My dress was lost at sea, I think. I hadn't really gone to look for it since. I let myself freeze that night and left when I noticed the sunlight leaving me a little too visible than what I'd like. It was a shame, I had just bought the dress too. Saved up for weeks to get it. Even if it was on clearance I wanted to look good.

All of the dreams that get harder
All of the things that I offer you

I had my hair down that night and even let my friend, Sarah, who never cared about the stupid pogue, kook rivalry, do my makeup. I'd never felt so pretty before. I was glowing, healthy and in love. 

I wanted to impress JJ. I knew he had been slipping, deep down. He never really laughed at my jokes anymore but I assumed it was just my delivery since he laughed when JB said them. He never really smiled like he used to with me. No, before he used to search my eyes like they were the stars and smile at me like he had seen the world in my face. He looked more uncomfortable the longer I pretended to not notice his bitter changes against me. I almost expected it but I never thought he would have ruined the one night he knew I was looking forward to. 

But still I believed it was all on me. It had to be. Why else would he have said I was too much. This was too much, he couldn't do it because of me. So I lived with that in the front of my mind. Holding it in around everyone. I spent a lot of time with Sarah in her room, letting her try to cheer me up with her expensive clothes that I didn't want and her simple jokes that got smiles and small laughs out of me. They weren't belly laughs like they were with my bestfriends. Like they were with my Kie, my Pope, my JB, with JJ. But they made it clear they were done with me just as JJ had by not even checking up on me. 

And I had never felt so alone.

And... and all of the shit that we harbor
Make all of the kids in the choirs sing woo-hoo-hoo

Soon I was feeling fine. I wasn't thriving like before, but I was back in work. Back in the pharmacy running the cash register and checking the items by the counters to make sure they were in stock. 
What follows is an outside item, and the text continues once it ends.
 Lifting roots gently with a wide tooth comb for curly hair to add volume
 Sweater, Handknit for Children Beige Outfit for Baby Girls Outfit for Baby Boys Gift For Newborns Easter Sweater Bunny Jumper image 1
I still think about the party a lot. It takes up a lot of my free time, my breaks. I spend them no longer outside neatening up the flowers on the front pathway inside. I don't speak to the elderly passing on walks anymore. I spend them in the back, thinking about what he meant in some ways but also learning and accepting how to let go. And I think I'm finally letting go because sometimes I'll catch myself smiling out the window and thinking about surfing again or walking with some of my school friends I've barely seen recently. The party isn't such a big deal for me anymore.

Maybe all this is the party
Maybe the tears and the highs we breathe, oh no

It was 11:39am this morning. It was hot, I know it, I could feel the heat pouring into the poorly air conditioned air of the pharmacy mixing with each person pouring in to stay out of the sun and maybe buy a cheap water bottle. 

My hair wasn't down, it was up in its usually claw clip, hairs falling out and sticking to the nape of my neck each time I reached up to scratch the back of my neck when a question stumped me or made me think a little too long.